**Supplied data**
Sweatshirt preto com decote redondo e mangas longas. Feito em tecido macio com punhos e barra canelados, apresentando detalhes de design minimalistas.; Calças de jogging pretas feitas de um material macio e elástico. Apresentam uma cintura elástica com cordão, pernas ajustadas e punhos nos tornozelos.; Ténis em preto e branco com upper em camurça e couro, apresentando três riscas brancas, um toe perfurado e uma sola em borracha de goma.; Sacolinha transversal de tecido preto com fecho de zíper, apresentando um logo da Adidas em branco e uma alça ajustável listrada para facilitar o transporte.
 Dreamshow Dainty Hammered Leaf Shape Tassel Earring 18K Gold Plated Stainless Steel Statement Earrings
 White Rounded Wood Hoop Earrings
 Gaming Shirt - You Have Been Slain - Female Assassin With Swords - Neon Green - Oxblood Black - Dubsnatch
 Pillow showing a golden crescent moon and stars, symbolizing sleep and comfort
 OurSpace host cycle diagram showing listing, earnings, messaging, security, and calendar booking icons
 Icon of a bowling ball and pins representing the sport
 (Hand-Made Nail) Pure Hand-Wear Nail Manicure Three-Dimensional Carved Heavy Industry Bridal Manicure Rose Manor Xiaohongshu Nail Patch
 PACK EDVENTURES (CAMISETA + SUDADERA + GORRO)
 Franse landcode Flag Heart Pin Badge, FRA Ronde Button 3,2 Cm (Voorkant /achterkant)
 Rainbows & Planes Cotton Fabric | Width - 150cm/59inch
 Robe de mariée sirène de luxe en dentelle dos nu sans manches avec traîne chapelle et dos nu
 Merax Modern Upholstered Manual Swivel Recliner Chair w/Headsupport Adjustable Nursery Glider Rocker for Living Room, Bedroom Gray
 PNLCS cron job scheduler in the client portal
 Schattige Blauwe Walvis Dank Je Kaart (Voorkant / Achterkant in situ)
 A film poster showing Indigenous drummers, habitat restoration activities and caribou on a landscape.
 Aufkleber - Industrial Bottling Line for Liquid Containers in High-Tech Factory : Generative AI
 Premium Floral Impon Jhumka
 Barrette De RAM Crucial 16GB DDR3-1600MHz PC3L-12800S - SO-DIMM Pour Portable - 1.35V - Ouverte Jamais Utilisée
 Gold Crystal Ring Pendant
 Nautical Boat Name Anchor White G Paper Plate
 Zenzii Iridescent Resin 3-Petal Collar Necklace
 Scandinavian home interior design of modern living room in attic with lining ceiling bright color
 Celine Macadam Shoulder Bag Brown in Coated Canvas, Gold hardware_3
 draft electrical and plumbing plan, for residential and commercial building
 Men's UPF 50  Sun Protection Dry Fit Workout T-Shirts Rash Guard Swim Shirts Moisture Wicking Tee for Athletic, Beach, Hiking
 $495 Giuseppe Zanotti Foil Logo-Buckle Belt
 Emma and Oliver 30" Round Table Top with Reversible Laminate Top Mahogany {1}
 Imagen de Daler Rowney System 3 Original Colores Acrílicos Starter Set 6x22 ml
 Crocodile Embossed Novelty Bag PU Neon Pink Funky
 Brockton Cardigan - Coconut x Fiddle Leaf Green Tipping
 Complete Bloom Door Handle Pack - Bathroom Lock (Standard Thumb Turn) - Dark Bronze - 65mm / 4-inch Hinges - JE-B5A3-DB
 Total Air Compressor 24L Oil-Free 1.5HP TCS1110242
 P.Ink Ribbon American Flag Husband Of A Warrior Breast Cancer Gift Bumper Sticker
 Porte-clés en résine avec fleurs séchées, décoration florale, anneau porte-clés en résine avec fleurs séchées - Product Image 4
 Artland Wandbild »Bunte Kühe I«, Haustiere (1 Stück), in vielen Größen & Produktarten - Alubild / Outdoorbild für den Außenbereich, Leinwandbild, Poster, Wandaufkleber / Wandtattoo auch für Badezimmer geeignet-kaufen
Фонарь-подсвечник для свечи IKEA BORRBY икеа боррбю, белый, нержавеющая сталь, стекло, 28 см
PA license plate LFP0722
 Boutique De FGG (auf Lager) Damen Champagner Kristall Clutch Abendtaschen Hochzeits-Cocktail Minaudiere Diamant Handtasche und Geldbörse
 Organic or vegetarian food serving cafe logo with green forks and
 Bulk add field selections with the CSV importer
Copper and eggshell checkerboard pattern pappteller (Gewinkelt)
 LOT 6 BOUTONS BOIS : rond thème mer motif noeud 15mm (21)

**Work item**
An exact copy of the lines above, from the one containing "PACK EDVENTURES (CAMISETA" through the one containing "Celine Macadam Shoulder", is the whole of the answer.

**Response area**
 PACK EDVENTURES (CAMISETA + SUDADERA + GORRO)
 Franse landcode Flag Heart Pin Badge, FRA Ronde Button 3,2 Cm (Voorkant /achterkant)
 Rainbows & Planes Cotton Fabric | Width - 150cm/59inch
 Robe de mariée sirène de luxe en dentelle dos nu sans manches avec traîne chapelle et dos nu
 Merax Modern Upholstered Manual Swivel Recliner Chair w/Headsupport Adjustable Nursery Glider Rocker for Living Room, Bedroom Gray
 PNLCS cron job scheduler in the client portal
 Schattige Blauwe Walvis Dank Je Kaart (Voorkant / Achterkant in situ)
 A film poster showing Indigenous drummers, habitat restoration activities and caribou on a landscape.
 Aufkleber - Industrial Bottling Line for Liquid Containers in High-Tech Factory : Generative AI
 Premium Floral Impon Jhumka
 Barrette De RAM Crucial 16GB DDR3-1600MHz PC3L-12800S - SO-DIMM Pour Portable - 1.35V - Ouverte Jamais Utilisée
 Gold Crystal Ring Pendant
 Nautical Boat Name Anchor White G Paper Plate
 Zenzii Iridescent Resin 3-Petal Collar Necklace
 Scandinavian home interior design of modern living room in attic with lining ceiling bright color
 Celine Macadam Shoulder Bag Brown in Coated Canvas, Gold hardware_3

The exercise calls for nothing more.